Maybe take one more night on the coast between SF and LA... (instead of two nights in SF in the end)

It is about 2511 miles 

We are well aware there is a few long hauls, but were two driving and figured that we properly could do it..
Does this look bonkers or?

----------


## Midwest Michael

Welcome to the RTA Forum!

I think that looks like a very reasonable trip outline. If anything, I'd say there are some area's you could cut down. For example, Lake Havasu to the Grand Canyon could easily be done without a stop in Williams. Bishop to Bodie probably doesn't need a full day and could be done as part of the trip into Yosemite.

Speaking of Yosemite, it's worth a reminder that the park is now requiring reservations to enter, although that would be included with your lodge/campground reservation if you are staying overnight within the park.

----------


## Mark Sedenquist

> Hey everyone, been looking through the forum a bit, and have seen some great RT's and some amazing advice given out to people asking for help.

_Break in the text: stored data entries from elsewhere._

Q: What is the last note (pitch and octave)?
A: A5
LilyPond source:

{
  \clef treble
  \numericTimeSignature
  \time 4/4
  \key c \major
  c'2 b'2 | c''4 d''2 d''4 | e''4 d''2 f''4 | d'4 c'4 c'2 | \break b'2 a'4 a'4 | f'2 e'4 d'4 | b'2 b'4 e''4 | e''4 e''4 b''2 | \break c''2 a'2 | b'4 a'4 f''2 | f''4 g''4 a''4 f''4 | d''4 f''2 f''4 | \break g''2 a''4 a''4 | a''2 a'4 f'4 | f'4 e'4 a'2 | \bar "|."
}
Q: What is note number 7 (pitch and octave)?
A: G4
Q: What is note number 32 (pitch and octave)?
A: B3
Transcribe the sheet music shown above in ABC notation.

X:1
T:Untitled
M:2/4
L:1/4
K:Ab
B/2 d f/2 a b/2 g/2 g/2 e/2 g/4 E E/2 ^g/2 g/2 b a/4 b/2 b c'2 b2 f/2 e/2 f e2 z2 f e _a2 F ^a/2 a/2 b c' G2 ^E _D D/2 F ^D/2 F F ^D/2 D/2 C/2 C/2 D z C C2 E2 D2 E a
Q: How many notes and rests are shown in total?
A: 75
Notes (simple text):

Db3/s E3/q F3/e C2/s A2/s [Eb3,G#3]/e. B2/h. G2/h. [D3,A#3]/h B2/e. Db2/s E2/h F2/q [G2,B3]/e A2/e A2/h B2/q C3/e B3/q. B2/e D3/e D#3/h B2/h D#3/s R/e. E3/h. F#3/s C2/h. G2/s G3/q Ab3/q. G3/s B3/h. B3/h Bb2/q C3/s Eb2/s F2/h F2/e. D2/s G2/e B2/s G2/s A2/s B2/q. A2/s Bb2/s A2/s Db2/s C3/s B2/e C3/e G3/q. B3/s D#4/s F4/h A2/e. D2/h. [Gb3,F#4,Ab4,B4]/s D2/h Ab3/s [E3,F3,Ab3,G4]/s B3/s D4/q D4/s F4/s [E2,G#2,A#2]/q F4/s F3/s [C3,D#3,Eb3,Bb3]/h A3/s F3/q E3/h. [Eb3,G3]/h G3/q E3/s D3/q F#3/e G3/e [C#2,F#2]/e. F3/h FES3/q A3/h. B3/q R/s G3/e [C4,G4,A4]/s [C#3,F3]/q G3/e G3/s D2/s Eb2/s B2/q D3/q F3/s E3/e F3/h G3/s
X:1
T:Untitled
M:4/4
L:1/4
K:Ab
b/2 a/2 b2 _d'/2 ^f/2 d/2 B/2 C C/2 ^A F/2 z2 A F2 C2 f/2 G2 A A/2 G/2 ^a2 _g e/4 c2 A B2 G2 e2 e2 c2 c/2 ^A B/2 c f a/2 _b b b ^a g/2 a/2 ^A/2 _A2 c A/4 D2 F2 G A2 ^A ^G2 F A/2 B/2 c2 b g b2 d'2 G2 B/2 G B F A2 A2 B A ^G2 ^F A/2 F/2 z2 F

Thanks for spending some time looking around.

In additional to Midwest Michael's suggestions:



> 4 - San simeon/Morro Bay or Pismo Beach


Do you like wine or visiting wineries?  You will be driving by one of the preeminent wine growing regions in the world. 



> 5 - LA (we have no real interest in LA, other then staying the night)


It is a fascinating city.  There are so many amazing places to stay.  Do you have an idea where you might be going in LA?



> 6 - Lake Havasau


You will be driving right past Joshua Tree National Park and also one of my favorite hotels in California and I am not a huge fan of Lake Havasu City.  Why is that this one of your destinations?

But if you do go that way, I would strongly suggest that you drive over Sitgreaves Pass (Route 66) and take the old road to Williams 



> 16 - 17 Las Vegas


RTA is based in Las Vegas.  Where are you planning on staying here?



> 18 - Bishop
> 19 - Bodie


Bodie is pretty amazing -- but you can't stay overnight there.
20 - 21 Yosemite
22 - 23 SF and home

Mark

----------


## Tehshort

> Welcome to the RTA Forum!
> 
> I think that looks like a very reasonable trip outline. If anything, I'd say there are some area's you could cut down. For example, Lake Havasu to the Grand Canyon could easily be done without a stop in Williams. Bishop to Bodie probably doesn't need a full day and could be done as part of the trip into Yosemite.
> 
> Speaking of Yosemite, it's worth a reminder that the park is now requiring reservations to enter, although that would be included with your lodge/campground reservation if you are staying overnight within the park.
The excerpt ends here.